Menjelang Idul Fitri, saya tidak berani mengunjungi Pasar Anyar Kota Bogor. Kayak cendol! Para pedagang dan pembeli bercampur baur seolah menjadi satu, jika dilihat dari kejauhan.
Berbeda dengan keadaan setelah lebaran.
Kemarin, pada hari keempat bulan Syawal, saya jalan-jalan ke pasar tradisional itu. Tidak seperti biasanya yang melalui jalan besar, kali ini saya menempuh perjalanan menyusuri gang lalu pada ujungnya melintasi jembatan di atas rel kereta (KRL).
Kondisi Pasar Anyar tampak tidak sepadat sebelum lebaran, bahkan tidak seramai hari biasa. Dengan keadaan jual-beli yang belum normal, saya percaya diri untuk masuk lebih dalam.
Padahal jam digital di telepon genggam menunjukkan angka tujuh pagi lewat sedikit. Mestinya sudah berada di jam sibuk.
Biasanya banyak orang, sepeda motor, dan angkot berebut jalur. Ditambah lapak para pedagang yang mengambil sebahagian besar badan jalan. Ternyata tampak sepi.

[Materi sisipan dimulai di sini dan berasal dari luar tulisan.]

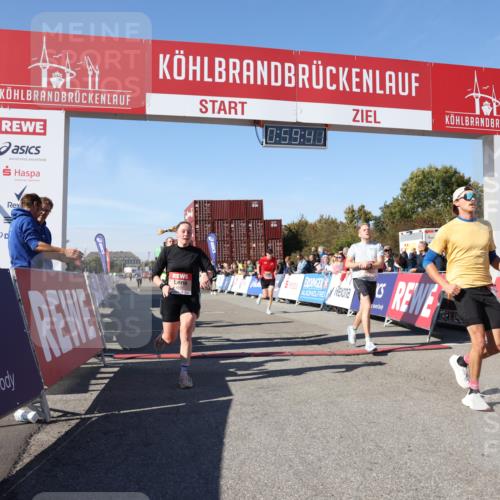 03.10.2025 - Köhlbrandbrückenlauf Lena Gebhardt http://msf.ph/oto/9043540 03.10.2025 12:59:41 Ziel 4111, 4215, 4270, 4475, 6142, 6254, 6325, 6364, 6616, 6654, 6666, 6754 meine-sportfotos.de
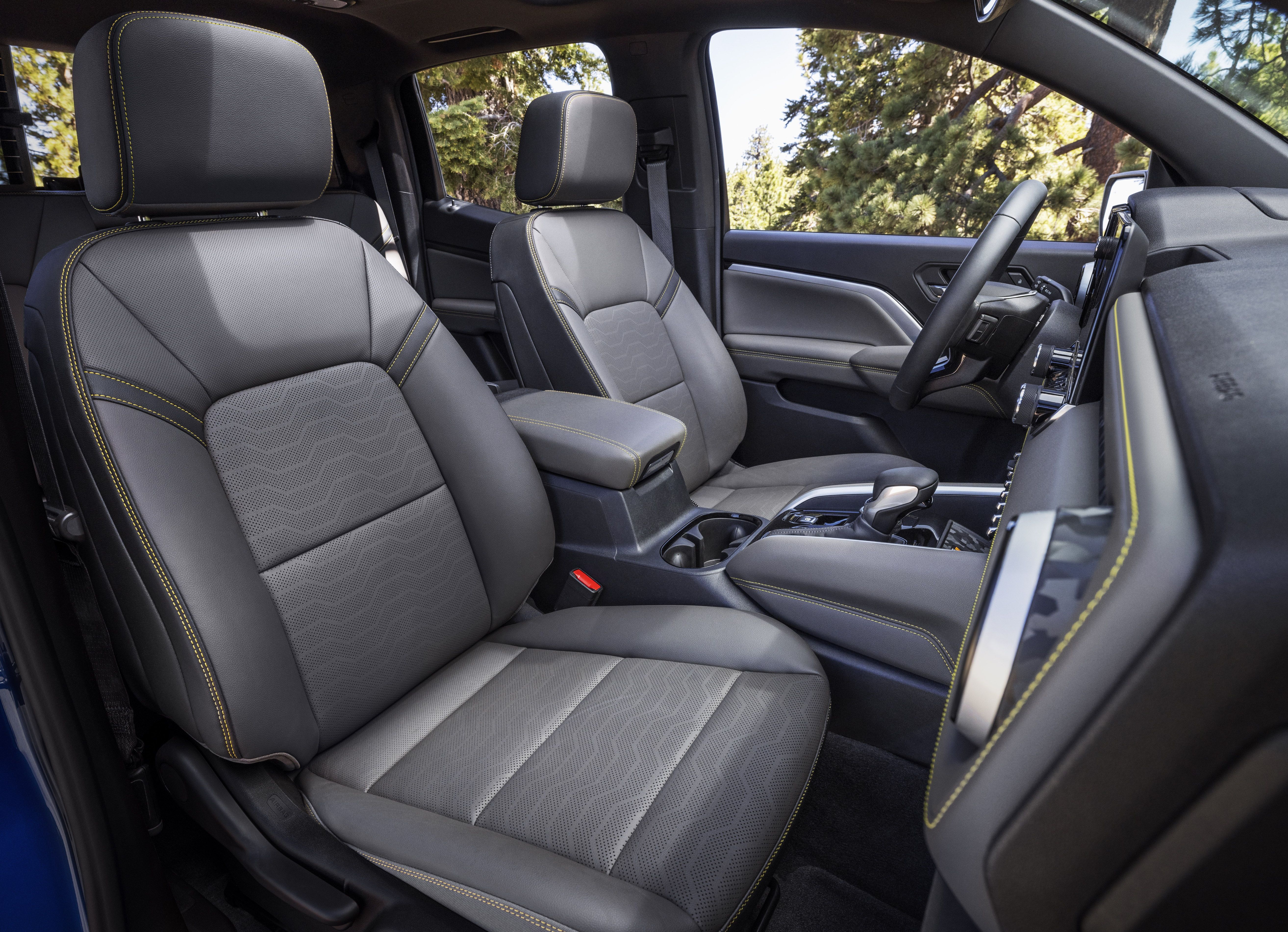 2023 Chevy Colorado Zr2 Interior 2023 Chevrolet Colorado Zr2 Everything You Need To Know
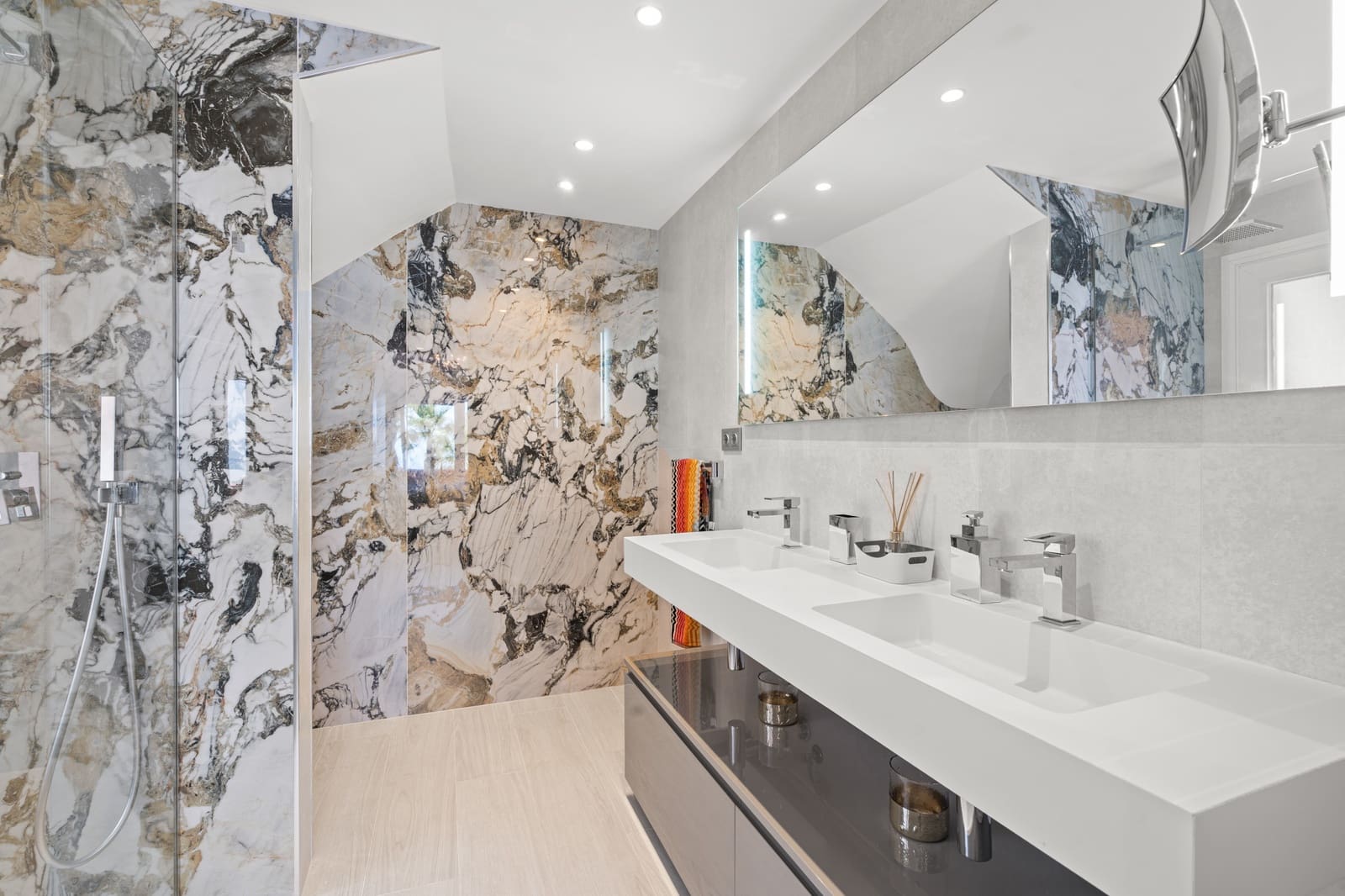 3 bedroom Penthouse for sale in Estepona with pool garage - € 1,825,000 (Ref: 8894559)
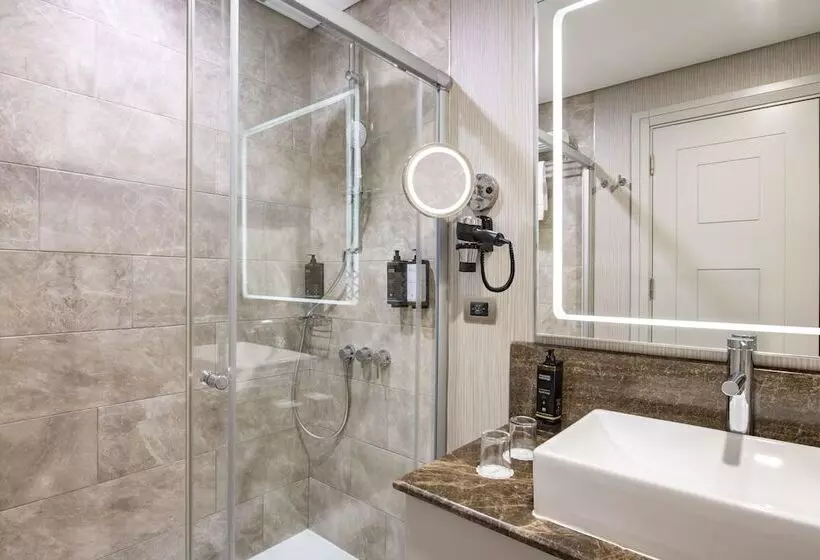 هتل Mercure Tbilisi Old Town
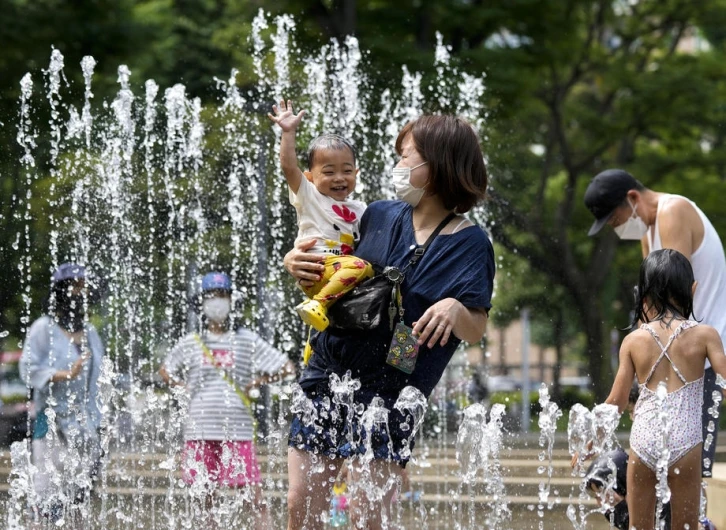Japonya’da aşırı sıcaklar nedeniyle 7 bin 116 kişi kişi hastaneye kaldırıldı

"Yang berdagang baru ada seperempat. Mungkin masih lebaran atau di kampung halaman," ujar seorang pedagang buah salak dan buah naga.Â
Menurut penuturannya, ia telah mudik ke Leuwiliang (berjarak kurang dari 25 km dari Pasar Anyar Kota Bogor). Makanya sudah berjualan.